Sandy High gets technical with education
It has been a longtime goal of the Oregon Trail School Board to expand the district's career technical education program. This year, even after the retirement of CTE champion and School Board Chairman Terry Lenchitsky, the program has gained some new concentrations, including classes such as digital design and introduction to robotics.
"We already had a real presence in traditional manufacturing and technology," explained Sandy High School Assistant Principal Ladine Marquardt. "What we wanted to do was appeal to a broader audience."
To date, the high school offers classes in agriculture, health sciences automotive, manufacturing, engineering, business and digital design. Marquardt said it hopes to bring on more courses in computer science and journalism in years to come.
As the CTE program grew this year, so did the need for staff.

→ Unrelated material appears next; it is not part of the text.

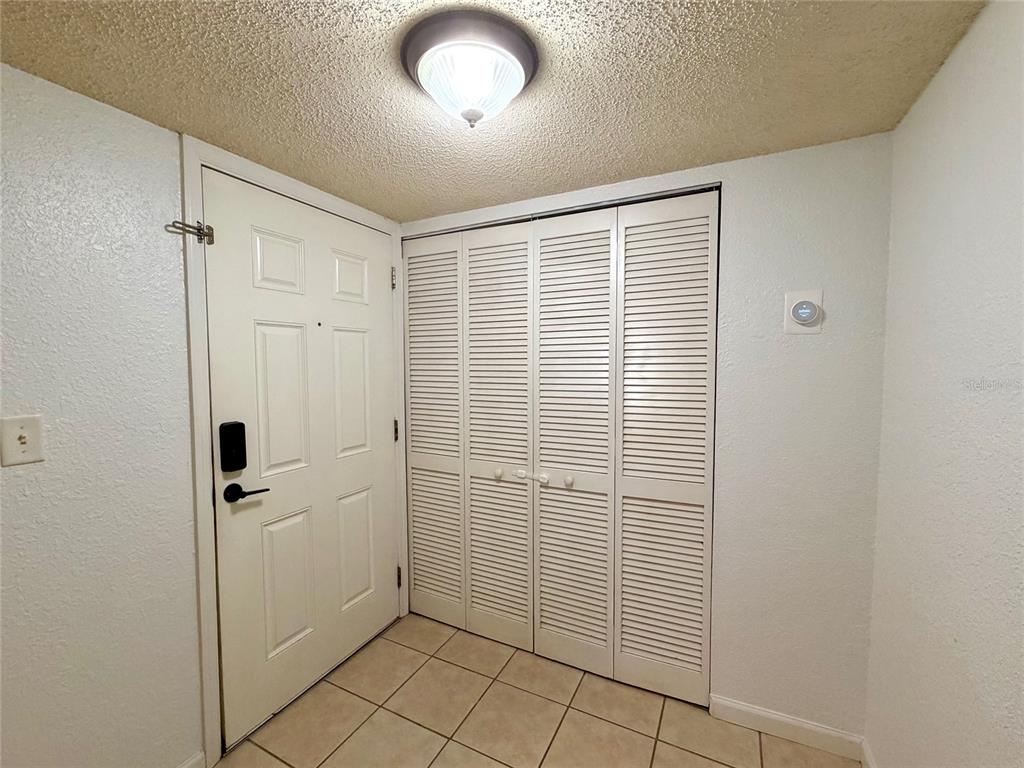 An entryway features a white front door, louvered closet doors, and light-colored floor tiles — 1810 NW 23RD BOULEVARD UNIT 180, GAINESVILLE, FL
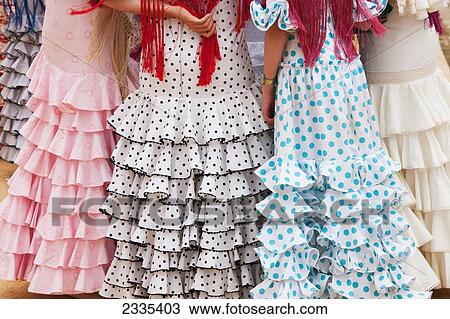 April Feria Festival, Girls In Traditional Dresses; Seville, Andalucia, Spain View Large Photo Image Stock Image - April Feria Festival, Girls In Traditional Dresses; Seville, Andalucia, Spain. Fotosearch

New to the school and teaching in general, longtime TV industry and digital-media professional Andrew Stanfield said he is looking forward to seeing how the newly added digital design courses he teaches grow in size and structure, and his 160-180 students seem pretty enthused as well.
"There seems to be some excitement," he explained. "There are some kids who have some experience already. I'd like to think even the kids who are at zero would at the end of the semester have a basic understanding."
Stanfield also wants to find common ground and ways to collaborate between the different concentrations of the department. He sees the digital design courses as not purely art, but also aimed at teaching business and technology skills.
"I want everything we do to have an audience," he added. "It's art for commerce. Since we're in the same department, I'd like to (partner in) that business mentality."
In his second year as a member of the CTE program staff, John Rakos is excited to see students receiving more tangible experience with the new courses, such as his introductory robotics class and principles of engineering course.
In Rakos' classroom, students are exposed to industry-level programs and machinery.
"They are engaged," Rakos said. "It's a very hands-on topic. I love the technology we get to interact with. The kids get a chance to do types of things they would be expected to do in the industry, (and) I get to sneak the math in."
As a teacher with a background in mathematics and computer science, Rakos likes showing students how relevant math is to their desired careers, and making the not-always-popular subject more enjoyable for them.
"They work through the challenge of (the classes) because of the (experience)," Rakos added.
Rako's hopes in the future to "explore engineering topics beyond the basics ... I'd love to see the program grow," he said.
Though it's only week four of the school year, teachers said they've seen real student engagement. And that engagement, Marquardt noted, leads to students walking at graduation.
"We know CTE programs help students make it to graduation," she said. "Long term, this is a big benefit for our kids. It's going to bring a lot of cool opportunities to Sandy High School."